Many people are familiar with the American obsession with football, and the UK’s similar attitude towards soccer. Countless weekends in the United States are spent in front of the TV with a college football or NFL game occupying the screen. In the UK, fans often watch the Premier League (a top soccer league) or other soccer games for hours. Such an obsession with sports makes sense—they provide a release from the monotonous grind of day to day life. However, there are several questions we still should be asking ourselves: why is there such a dramatic divide in the sports interests between people of different countries and regions, and why is there only one dominant sport in each of the two countries? 

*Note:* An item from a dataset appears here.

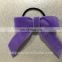 2018 Wholesale gift ribbon bows package bows ribbon bows
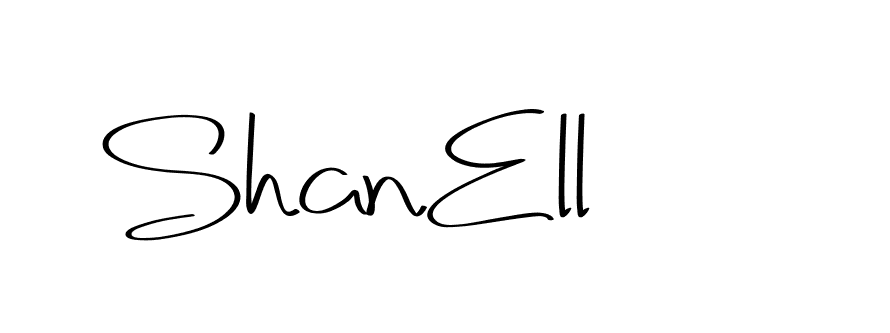 The best way (Christmas-2OdZd) to make a short signature is to pick only two or three words in your name. The name Ceard include a total of six letters. For converting this name. Ceard signature style 2 images and pictures png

The answer lies largely in network diffusion, which describes the spread of technology, ideas, and information as a product of imitation behavior. Network diffusion argues that people benefit from imitation of the decisions of those who they are most closely associated with. They can either benefit directly; for example if you use the same technology as your neighbor, they may be able to help you out when yours is malfunctioning. Alternatively, there are informational benefits; people believe that others who made their decision early have additional information, and trust their decision making process more than their own. These factors can result in a phenomenon known as a “cascade,” which results in large groups of people making the exact same decision as everybody else. This effect can be witnessed in people’s sports preferences. A 2017 poll showed that football is the most popular sport in the United States, at 37% of people’s favorite. The second most popular sport was basketball, with 11% of fans ranking it as their favorite sport. This is already three times less than the popularity of football, and the remaining sports are even less popular. One of those unpopular sports in the US is soccer, the favorite sport for 7% of people. This is where one really begins to question the nature of these patterns, because in the UK soccer is by far the most popular sport. In a British poll, 45% of participants stated their interest in soccer, twice as much as the second most popular sport, rugby. 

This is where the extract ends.